--- Requirement ---
Only the words of the entries are wanted, repeated exactly and without images.

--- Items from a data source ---
────────────────────────────────────────
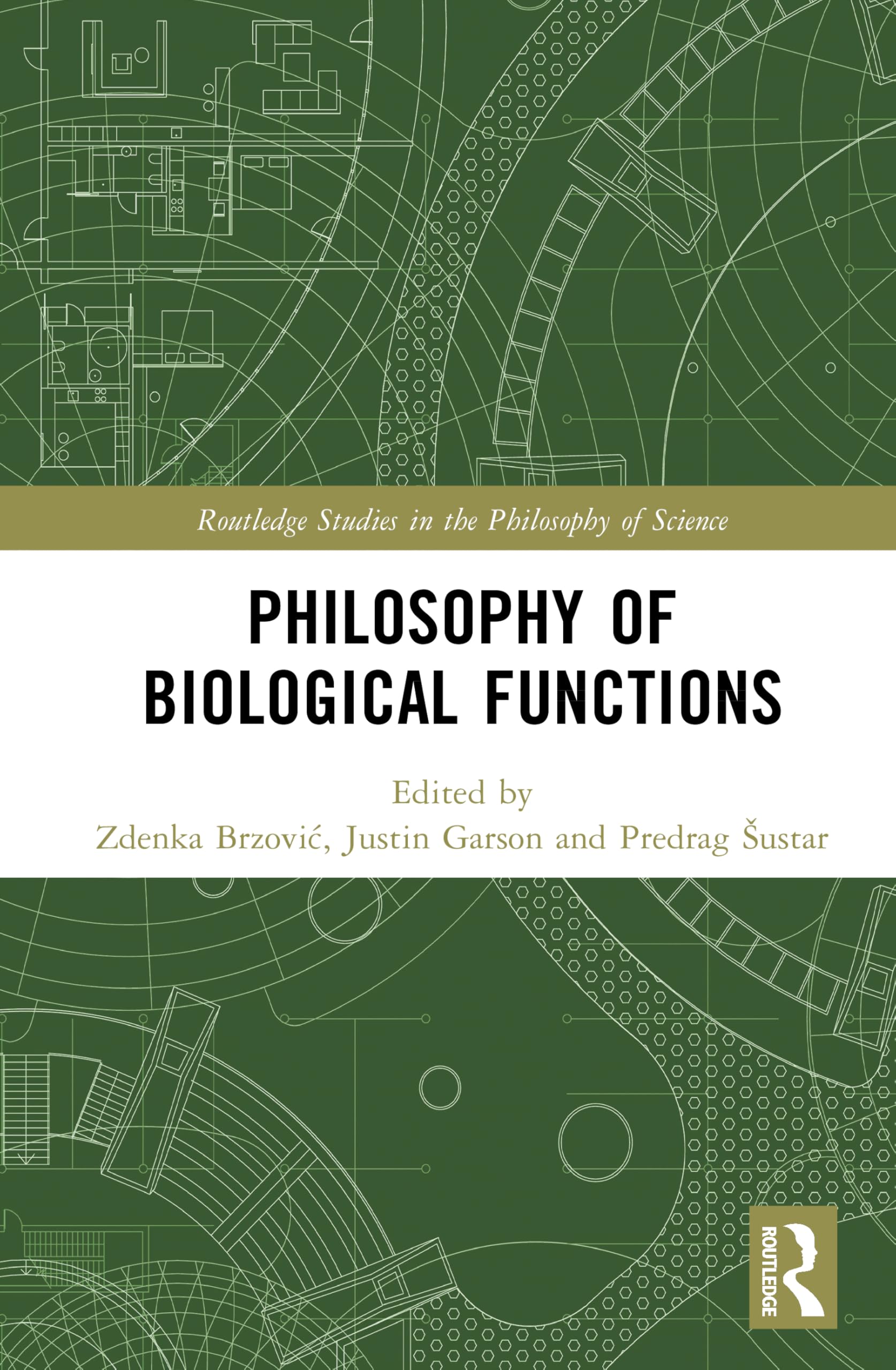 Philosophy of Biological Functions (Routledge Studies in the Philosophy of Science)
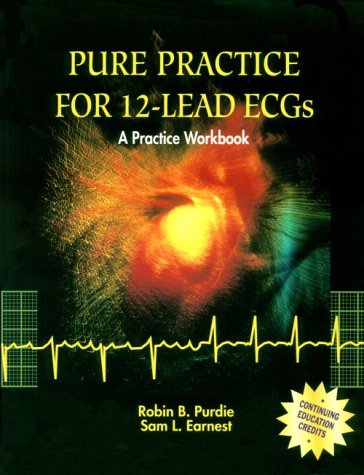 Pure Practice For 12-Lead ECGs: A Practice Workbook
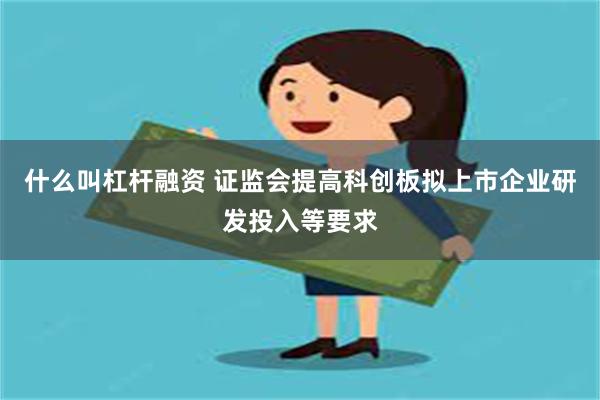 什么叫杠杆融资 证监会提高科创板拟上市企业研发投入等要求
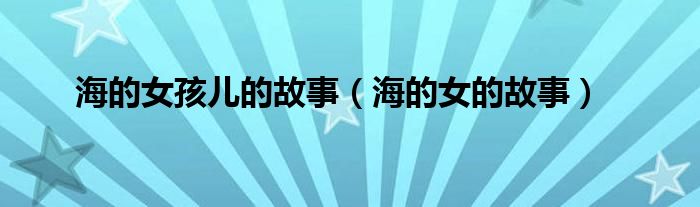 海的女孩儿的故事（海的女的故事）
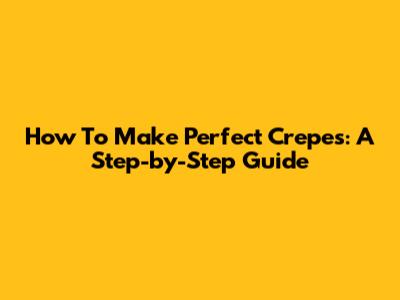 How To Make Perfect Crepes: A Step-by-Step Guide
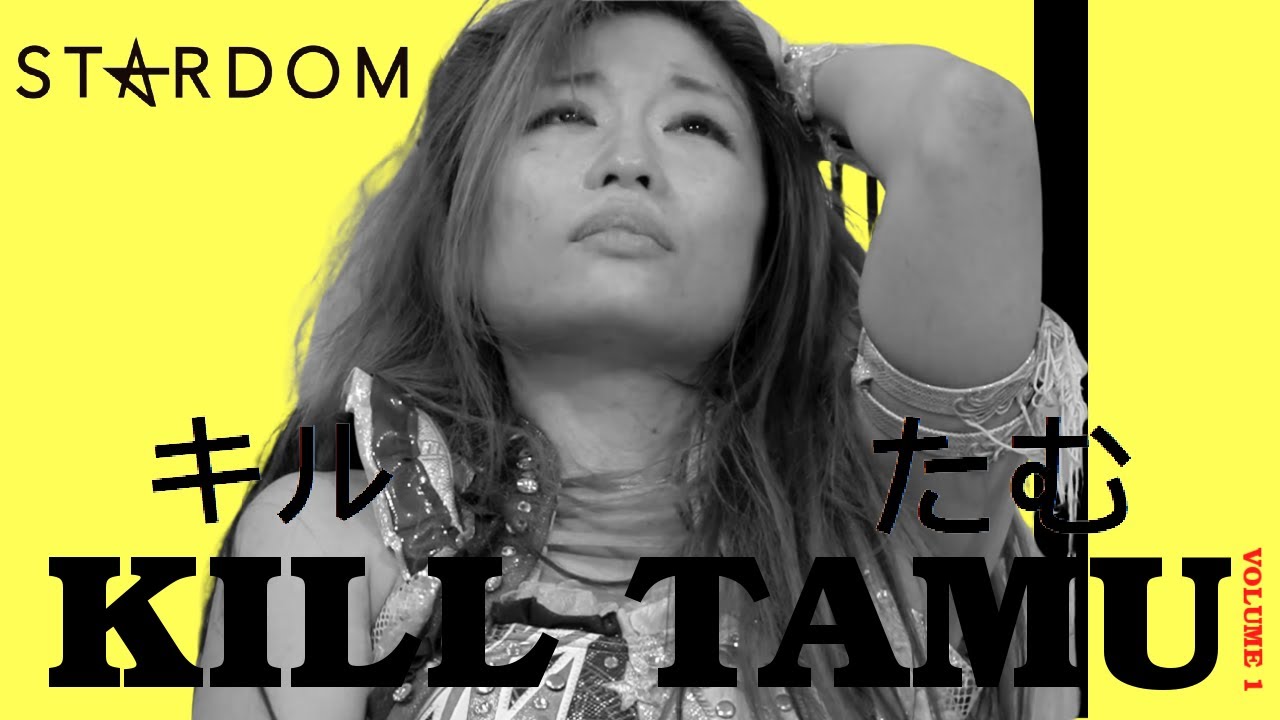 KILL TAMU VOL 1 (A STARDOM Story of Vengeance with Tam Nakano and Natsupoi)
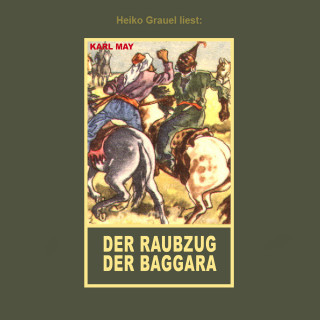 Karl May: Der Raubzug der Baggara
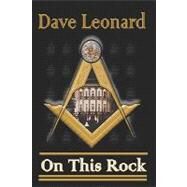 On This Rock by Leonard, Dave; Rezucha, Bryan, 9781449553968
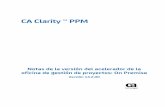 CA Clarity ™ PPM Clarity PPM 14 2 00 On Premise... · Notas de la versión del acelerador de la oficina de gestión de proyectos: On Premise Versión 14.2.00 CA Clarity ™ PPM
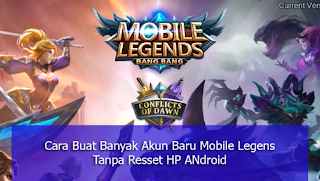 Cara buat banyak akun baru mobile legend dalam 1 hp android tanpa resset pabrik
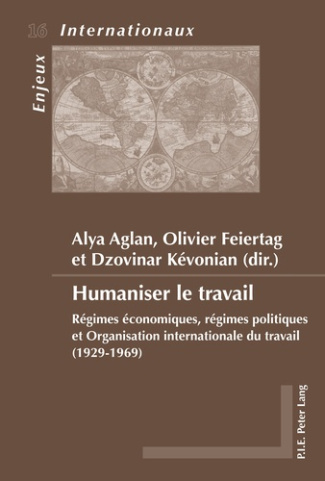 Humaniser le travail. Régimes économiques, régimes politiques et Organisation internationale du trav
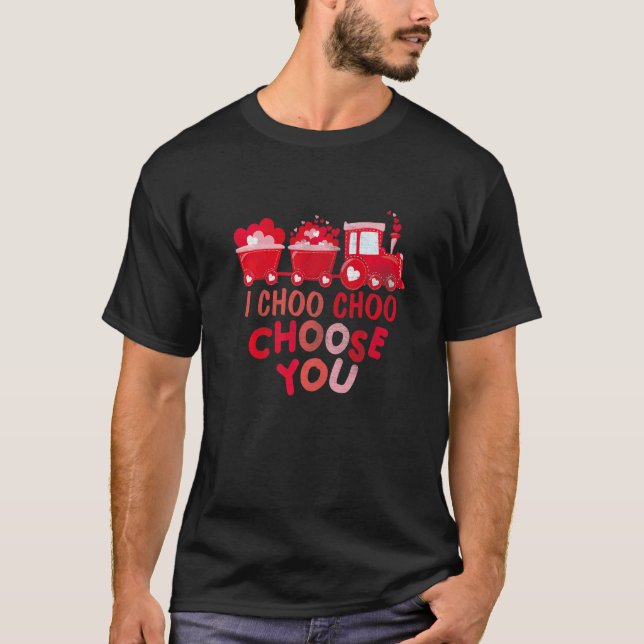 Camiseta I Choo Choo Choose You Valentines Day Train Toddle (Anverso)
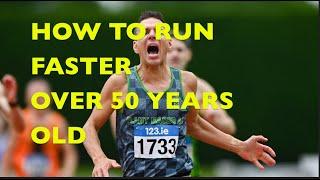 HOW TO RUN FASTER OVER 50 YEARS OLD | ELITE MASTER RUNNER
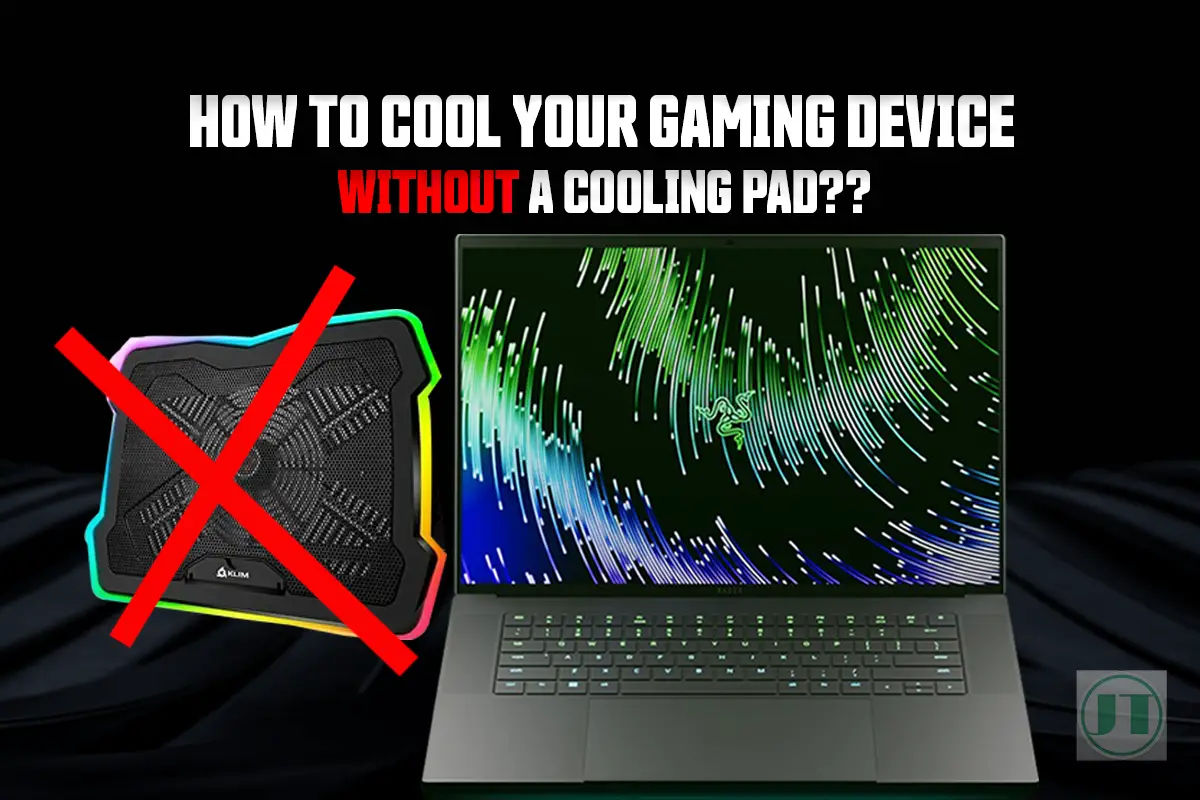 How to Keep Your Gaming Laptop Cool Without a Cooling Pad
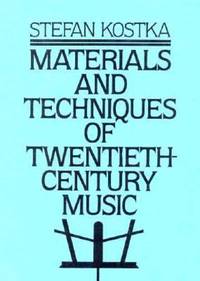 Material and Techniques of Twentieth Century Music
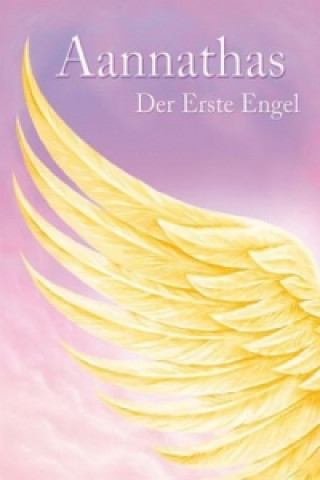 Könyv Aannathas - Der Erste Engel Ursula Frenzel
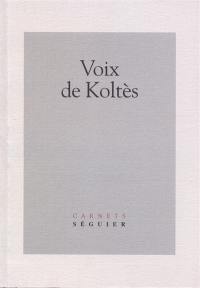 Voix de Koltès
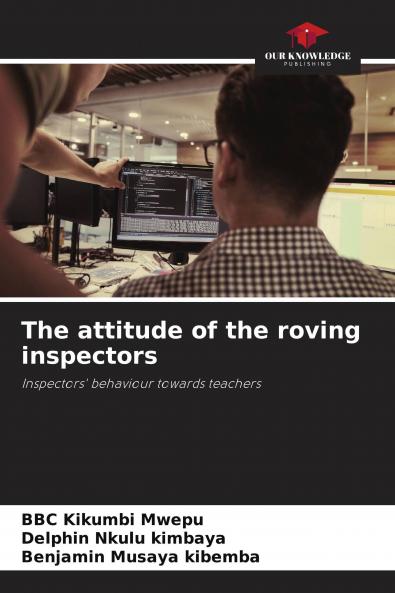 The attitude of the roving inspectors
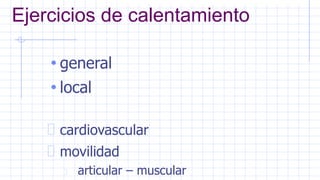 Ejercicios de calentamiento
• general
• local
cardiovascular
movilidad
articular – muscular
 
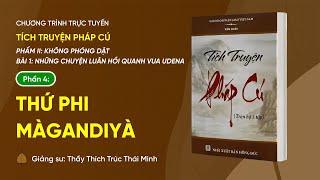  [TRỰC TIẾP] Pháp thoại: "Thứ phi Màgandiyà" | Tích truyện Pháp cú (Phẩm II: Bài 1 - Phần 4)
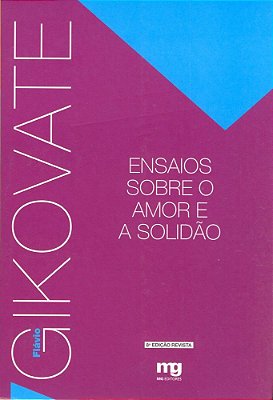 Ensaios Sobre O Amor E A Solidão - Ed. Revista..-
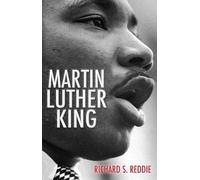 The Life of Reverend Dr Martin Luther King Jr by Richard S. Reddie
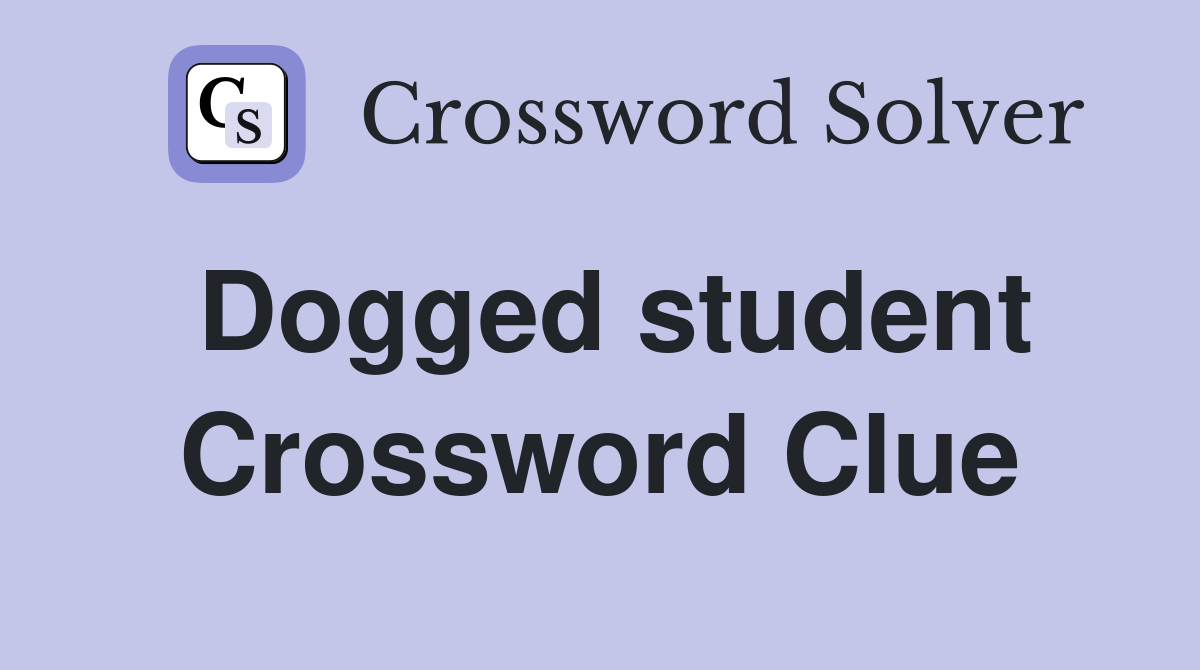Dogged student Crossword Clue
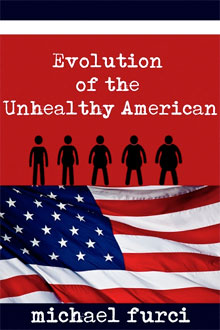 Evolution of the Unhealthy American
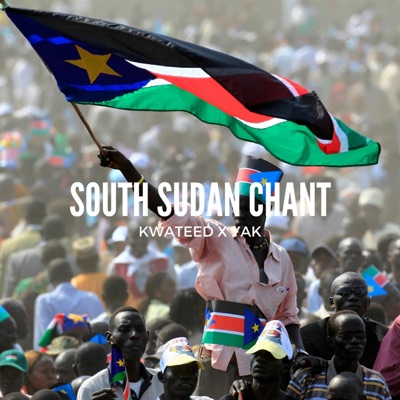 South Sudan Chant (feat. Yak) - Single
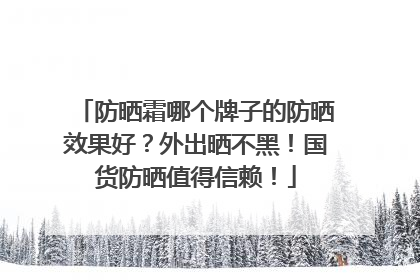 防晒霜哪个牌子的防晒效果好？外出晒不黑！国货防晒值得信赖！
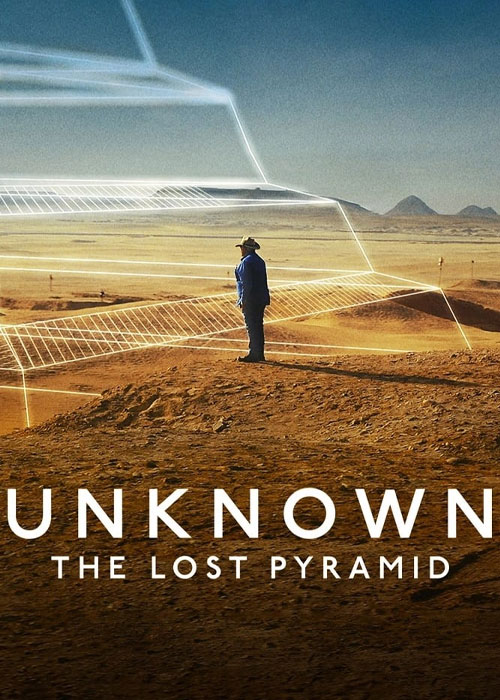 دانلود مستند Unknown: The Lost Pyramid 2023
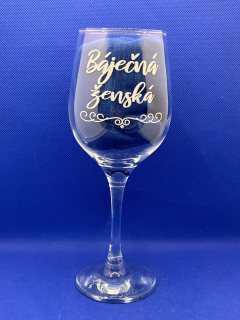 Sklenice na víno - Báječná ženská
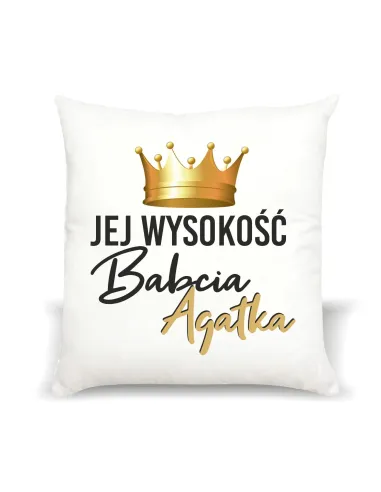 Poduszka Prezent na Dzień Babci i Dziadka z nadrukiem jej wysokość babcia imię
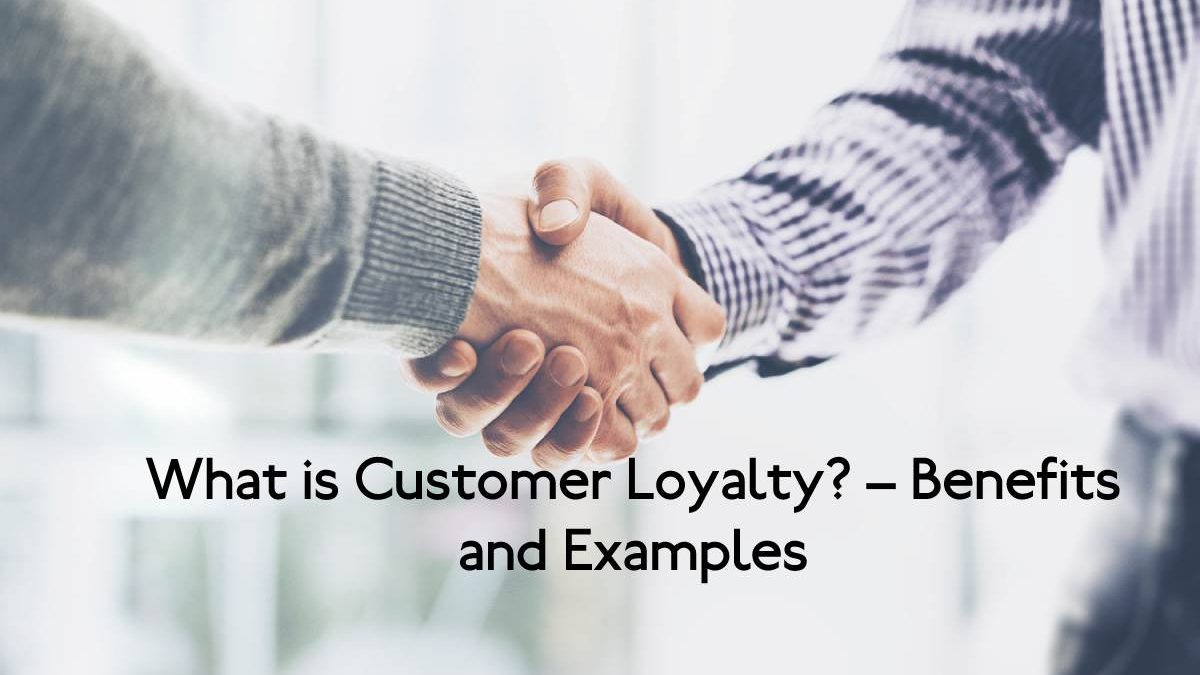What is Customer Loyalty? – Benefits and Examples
────────────────────────────────────────
--- Written solution ---
 Philosophy of Biological Functions (Routledge Studies in the Philosophy of Science)
 Pure Practice For 12-Lead ECGs: A Practice Workbook
 什么叫杠杆融资 证监会提高科创板拟上市企业研发投入等要求
 海的女孩儿的故事（海的女的故事）
 How To Make Perfect Crepes: A Step-by-Step Guide
 KILL TAMU VOL 1 (A STARDOM Story of Vengeance with Tam Nakano and Natsupoi)
 Karl May: Der Raubzug der Baggara
 On This Rock by Leonard, Dave; Rezucha, Bryan, 9781449553968
 CA Clarity ™ PPM Clarity PPM 14 2 00 On Premise... · Notas de la versión del acelerador de la oficina de gestión de proyectos: On Premise Versión 14.2.00 CA Clarity ™ PPM
 Cara buat banyak akun baru mobile legend dalam 1 hp android tanpa resset pabrik
 Humaniser le travail. Régimes économiques, régimes politiques et Organisation internationale du trav
 Camiseta I Choo Choo Choose You Valentines Day Train Toddle (Anverso)
 HOW TO RUN FASTER OVER 50 YEARS OLD | ELITE MASTER RUNNER
 How to Keep Your Gaming Laptop Cool Without a Cooling Pad
 Material and Techniques of Twentieth Century Music
 Könyv Aannathas - Der Erste Engel Ursula Frenzel
 Voix de Koltès
 The attitude of the roving inspectors
 Ejercicios de calentamiento
• general
• local
cardiovascular
movilidad
articular – muscular
 
  [TRỰC TIẾP] Pháp thoại: "Thứ phi Màgandiyà" | Tích truyện Pháp cú (Phẩm II: Bài 1 - Phần 4)
 Ensaios Sobre O Amor E A Solidão - Ed. Revista..-
 The Life of Reverend Dr Martin Luther King Jr by Richard S. Reddie
Dogged student Crossword Clue
 Evolution of the Unhealthy American
 South Sudan Chant (feat. Yak) - Single
 防晒霜哪个牌子的防晒效果好？外出晒不黑！国货防晒值得信赖！
 دانلود مستند Unknown: The Lost Pyramid 2023
 Sklenice na víno - Báječná ženská
 Poduszka Prezent na Dzień Babci i Dziadka z nadrukiem jej wysokość babcia imię
What is Customer Loyalty? – Benefits and Examples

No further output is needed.